- _Exercise instructions_:
Beginning with the line that contains "Occasion Jaguar F-Pace", transcribe every line through the end of the entries exactly as written, and reproduce nothing else.

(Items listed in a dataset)
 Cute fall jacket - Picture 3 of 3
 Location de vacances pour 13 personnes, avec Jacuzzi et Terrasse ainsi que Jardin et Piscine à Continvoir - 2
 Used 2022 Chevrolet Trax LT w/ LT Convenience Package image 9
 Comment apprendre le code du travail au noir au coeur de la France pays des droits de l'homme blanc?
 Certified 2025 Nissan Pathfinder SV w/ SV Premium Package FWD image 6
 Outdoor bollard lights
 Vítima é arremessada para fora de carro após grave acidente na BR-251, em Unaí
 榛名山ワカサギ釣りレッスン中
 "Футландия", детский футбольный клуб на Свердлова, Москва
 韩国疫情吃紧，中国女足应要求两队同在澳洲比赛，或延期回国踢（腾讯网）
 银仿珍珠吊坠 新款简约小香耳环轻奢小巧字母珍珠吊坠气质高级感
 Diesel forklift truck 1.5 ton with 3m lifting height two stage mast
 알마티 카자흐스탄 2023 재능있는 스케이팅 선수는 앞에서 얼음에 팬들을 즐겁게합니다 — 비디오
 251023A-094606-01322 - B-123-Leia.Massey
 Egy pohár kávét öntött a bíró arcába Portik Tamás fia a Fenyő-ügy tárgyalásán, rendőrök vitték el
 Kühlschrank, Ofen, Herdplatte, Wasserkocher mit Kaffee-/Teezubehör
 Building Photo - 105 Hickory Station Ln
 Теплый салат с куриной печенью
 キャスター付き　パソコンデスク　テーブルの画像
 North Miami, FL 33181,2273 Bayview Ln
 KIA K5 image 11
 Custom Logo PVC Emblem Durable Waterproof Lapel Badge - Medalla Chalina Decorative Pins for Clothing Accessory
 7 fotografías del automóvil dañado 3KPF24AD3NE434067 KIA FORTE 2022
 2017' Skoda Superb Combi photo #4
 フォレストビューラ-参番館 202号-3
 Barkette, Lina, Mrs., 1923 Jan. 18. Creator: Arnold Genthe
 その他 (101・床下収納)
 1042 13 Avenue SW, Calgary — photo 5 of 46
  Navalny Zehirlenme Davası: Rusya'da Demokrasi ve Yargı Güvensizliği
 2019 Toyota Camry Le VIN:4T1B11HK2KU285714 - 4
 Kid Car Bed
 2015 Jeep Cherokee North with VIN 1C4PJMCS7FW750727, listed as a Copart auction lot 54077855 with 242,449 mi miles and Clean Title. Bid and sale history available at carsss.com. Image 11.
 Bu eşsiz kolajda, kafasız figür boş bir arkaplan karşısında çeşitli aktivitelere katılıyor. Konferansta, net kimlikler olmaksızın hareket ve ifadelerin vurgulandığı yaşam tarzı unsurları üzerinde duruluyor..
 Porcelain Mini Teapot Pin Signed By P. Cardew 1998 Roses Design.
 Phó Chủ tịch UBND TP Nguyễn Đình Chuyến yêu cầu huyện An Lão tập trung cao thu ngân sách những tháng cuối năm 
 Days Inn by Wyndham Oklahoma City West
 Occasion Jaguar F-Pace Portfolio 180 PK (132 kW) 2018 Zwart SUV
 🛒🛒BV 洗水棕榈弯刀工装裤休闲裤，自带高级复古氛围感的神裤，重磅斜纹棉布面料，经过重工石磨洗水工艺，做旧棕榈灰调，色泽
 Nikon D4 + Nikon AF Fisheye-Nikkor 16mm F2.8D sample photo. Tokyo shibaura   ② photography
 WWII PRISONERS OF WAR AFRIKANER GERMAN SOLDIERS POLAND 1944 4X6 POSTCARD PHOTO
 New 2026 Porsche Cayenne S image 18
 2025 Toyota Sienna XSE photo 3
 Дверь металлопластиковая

- _Written answer_:
 Occasion Jaguar F-Pace Portfolio 180 PK (132 kW) 2018 Zwart SUV
 🛒🛒BV 洗水棕榈弯刀工装裤休闲裤，自带高级复古氛围感的神裤，重磅斜纹棉布面料，经过重工石磨洗水工艺，做旧棕榈灰调，色泽
 Nikon D4 + Nikon AF Fisheye-Nikkor 16mm F2.8D sample photo. Tokyo shibaura   ② photography
 WWII PRISONERS OF WAR AFRIKANER GERMAN SOLDIERS POLAND 1944 4X6 POSTCARD PHOTO
 New 2026 Porsche Cayenne S image 18
 2025 Toyota Sienna XSE photo 3
 Дверь металлопластиковая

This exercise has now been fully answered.